**TASK PROMPT:** Taking the data below, please print only the lines from the line holding "Walking in the" to the line holding "A golden Leibniz", inclusive, with pictures omitted.

**THE INPUT:**
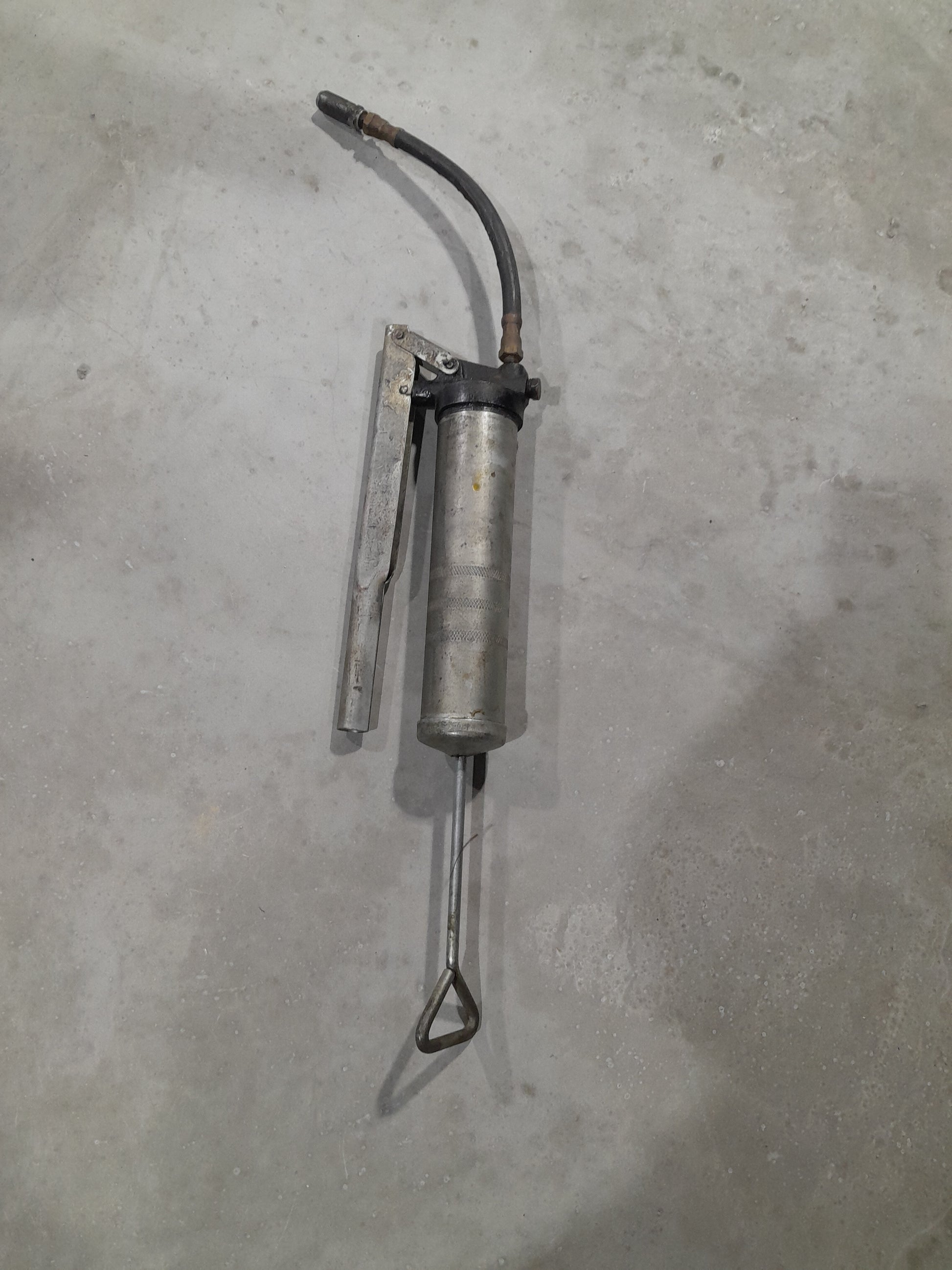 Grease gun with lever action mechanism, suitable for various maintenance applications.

---

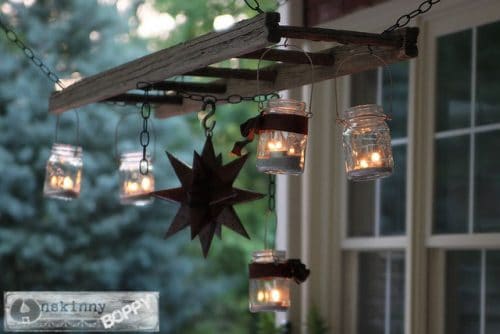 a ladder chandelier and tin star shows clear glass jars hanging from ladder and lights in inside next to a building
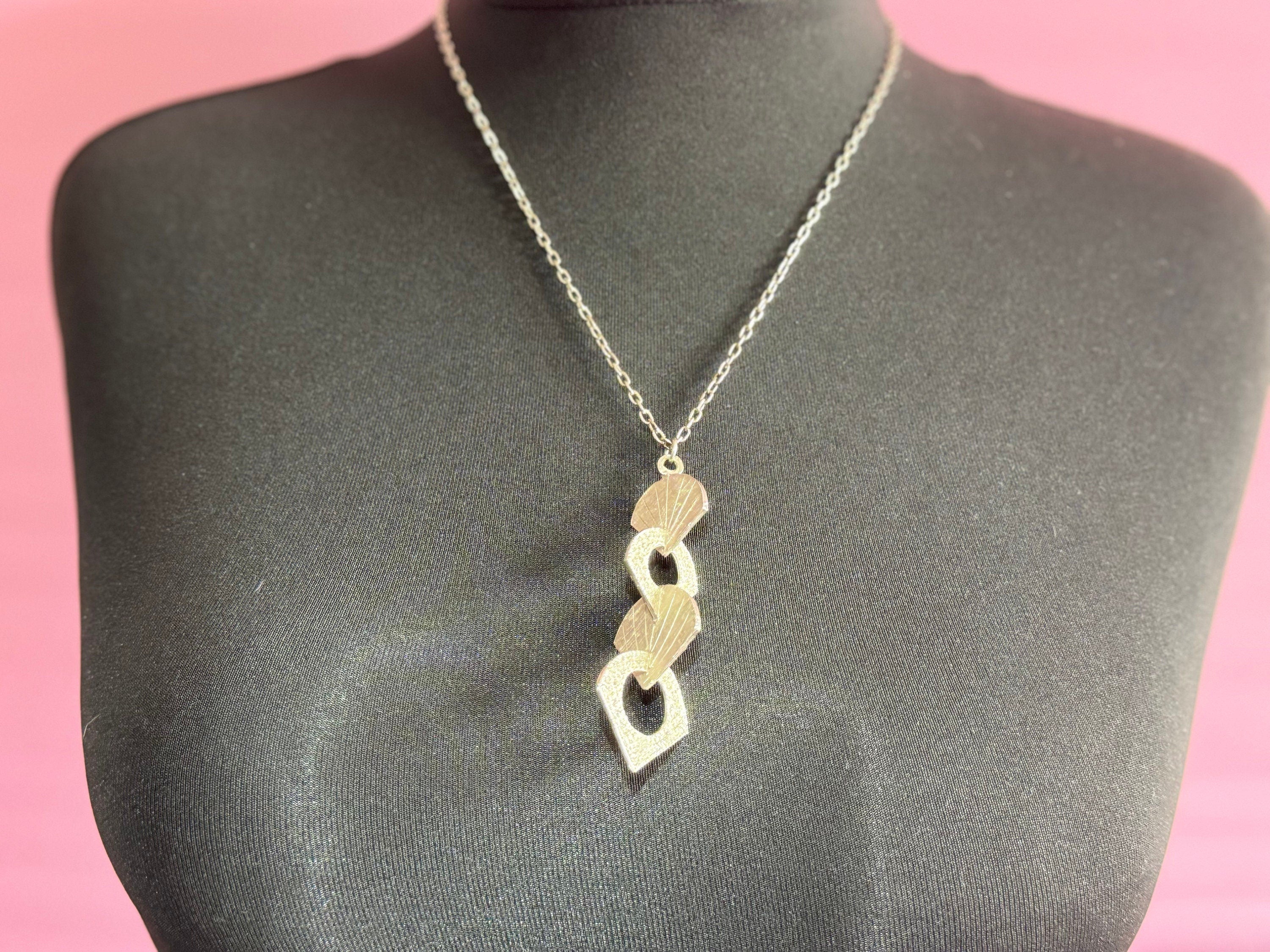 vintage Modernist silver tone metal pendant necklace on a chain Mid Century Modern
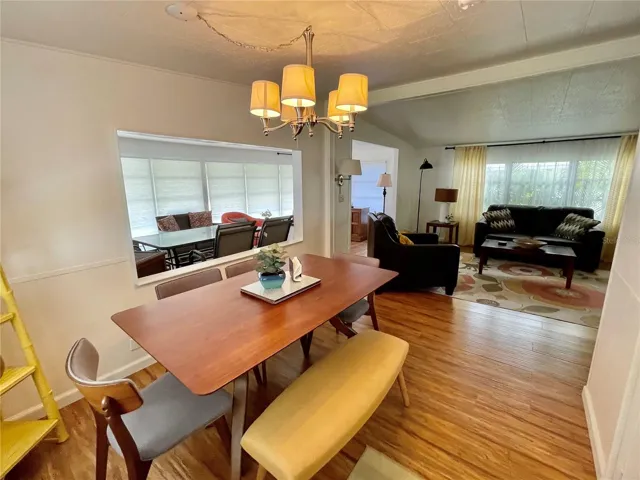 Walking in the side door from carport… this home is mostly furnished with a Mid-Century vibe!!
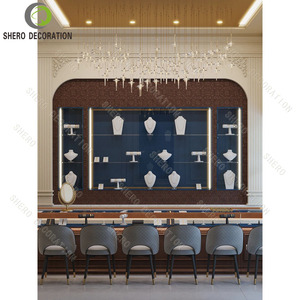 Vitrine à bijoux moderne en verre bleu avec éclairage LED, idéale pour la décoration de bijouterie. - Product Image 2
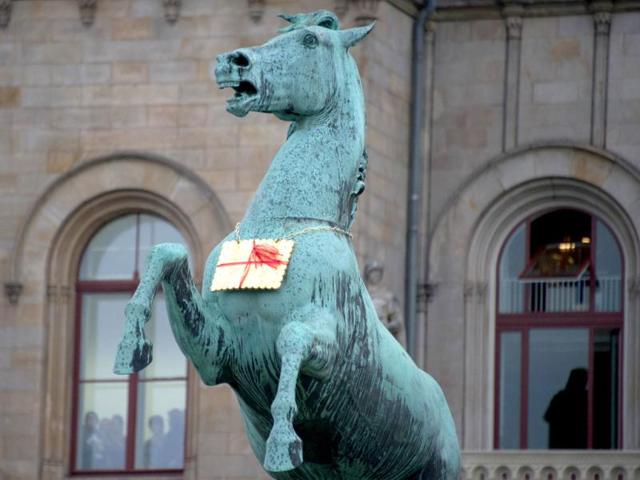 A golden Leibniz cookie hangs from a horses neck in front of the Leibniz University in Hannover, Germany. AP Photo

**EXPECTED ANSWER:**
 Walking in the side door from carport… this home is mostly furnished with a Mid-Century vibe!!
 Vitrine à bijoux moderne en verre bleu avec éclairage LED, idéale pour la décoration de bijouterie. - Product Image 2
 A golden Leibniz cookie hangs from a horses neck in front of the Leibniz University in Hannover, Germany. AP Photo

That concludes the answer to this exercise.